House Democrats are setting an unwise precedent by asking a federal judge to force testimony by former White House counsel Don McGahn as part of their fevered attempt to prove that President Trump committed impeachable offenses.
The Democrats’ request raises significant separation of powers concerns.
It is axiomatic that attorney-client privilege is a nearly sacrosanct part of the U.S. justice system. It is true that such confidentiality can, in extraordinarily rare instances, be breached by order of a court. Emphasis on “extraordinarily rare.” Among other things, the privilege is a crucial aspect of the Constitution’s protection against forced self-incrimination.
In the case of the White House counsel, the client is the presidency as an institution. This makes a legislative attempt to breach the privilege even more worrisome. Not only is attorney-client privilege at issue, but so is “executive privilege,” a less sacrosanct, but still important, protection of the Constitution’s delegation of distinct powers to distinct branches of government, even in a system where some powers overlap.
If there is any single member of the White House staff whose confidential discussions with the president should be protected from being pierced by legislative inquiry, it is the White House counsel. Nobody else combines both privileges of confidentiality in such a strong fashion. It is especially in the realm of legal advice that the executive branch of government rightly enjoys an expectation of protection against legislative encroachments.
The counterargument, however, says that McGahn already has testified to the special counsel, and that the House effort is merely an extension of that process. This counterargument is dead wrong. With the president’s explicit permission, McGahn spoke with the special counsel, as one member of the executive branch to another member of the executive branch who formally was under the president’s nominal control. The special counsel was conducting an inquiry under executive authority, one whose proceedings by law could have been kept from public view.
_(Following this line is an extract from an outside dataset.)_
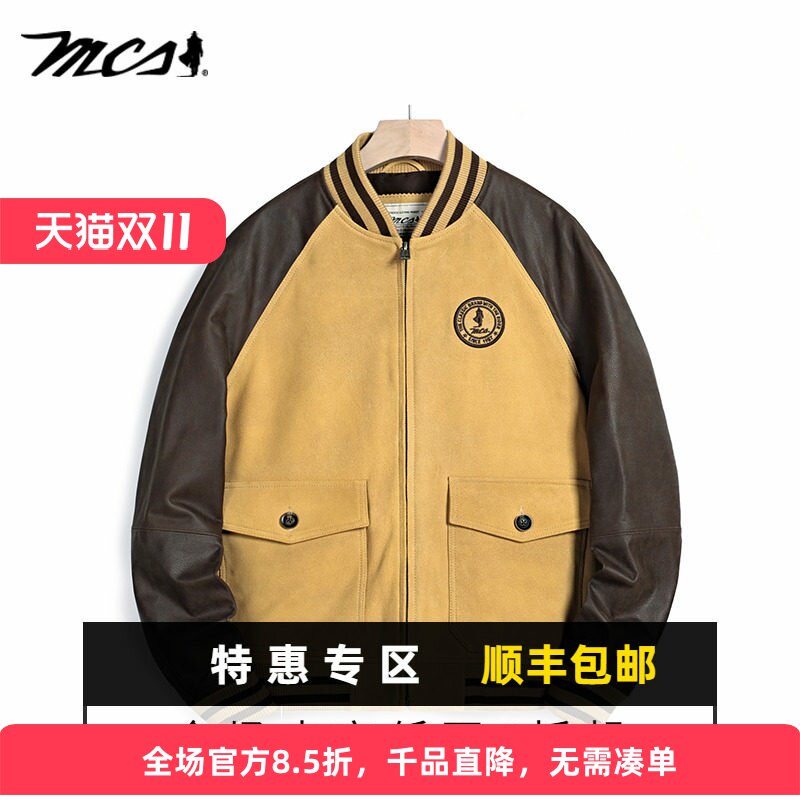 MCS棒球领休闲百搭拼接皮衣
No issues of separation of powers applied there.
For the House now to approach the third branch of government, the judiciary, to compel a breach of not one but two rightful privileges enjoyed (again, with rare exceptions) by the second branch, is for the House to tread on shaky ground indeed.
If a Republican House had tried to do this to President Barack Obama, the same House Democrats now pushing for McGahn’s testimony would have been yelling bloody murder against the effort.
If House Democrats truly believe Trump obstructed justice, they have every right to conduct an inquiry and every right to cite the substance of McGahn’s interviews with the special counsel in doing so. To compel more testimony than that, though, is to undermine the Constitution in the name of serving it. The judge ought to quash their political bloodlust, and quickly.